## WHAT TO DO
From the line that contains "Pinus pentaphylla 'Goyo" to the last line of the data below, transcribe every line exactly. Do not include the pictures.
[COLLECTED MATERIAL — start]
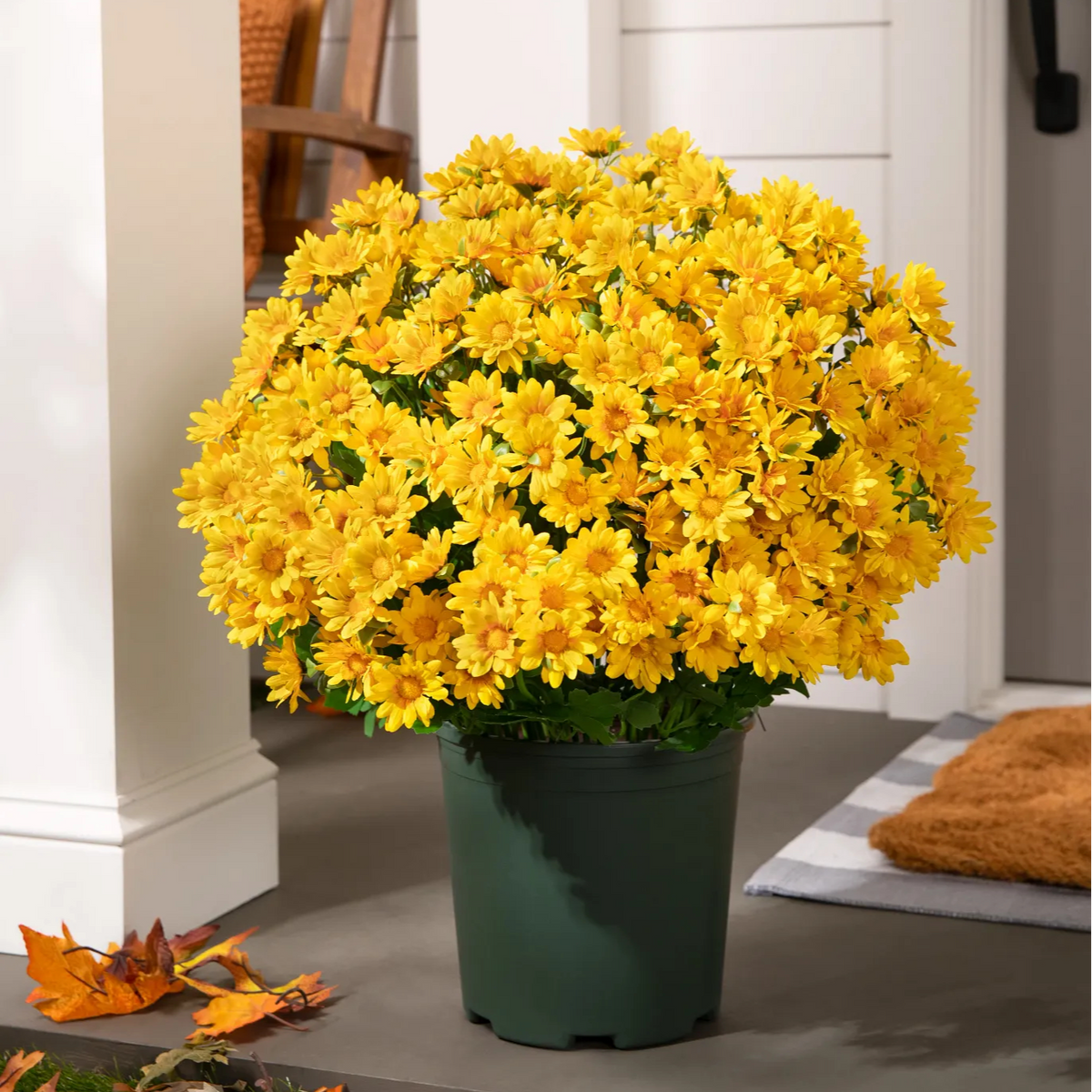 ⚡Last Day 70% OFF🌼Welcome autumn- Artificial Outdoor Sunset Mums Flowers - UV resistant, Waterproof, Windproof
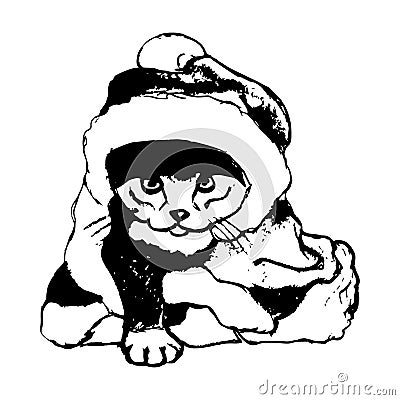 Kitten in a Christmas costume Vector Illustration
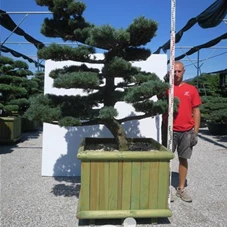 Pinus pentaphylla 'Goyo Matsu', Gartenbonsai STn15 - 170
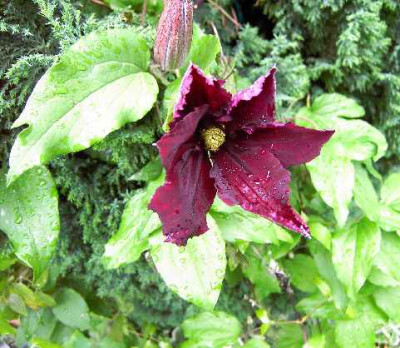 27.5.06._Clematis_Niobe_026.JPG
[COLLECTED MATERIAL — finish]
## TASK RESPONSE
 Pinus pentaphylla 'Goyo Matsu', Gartenbonsai STn15 - 170
 27.5.06._Clematis_Niobe_026.JPG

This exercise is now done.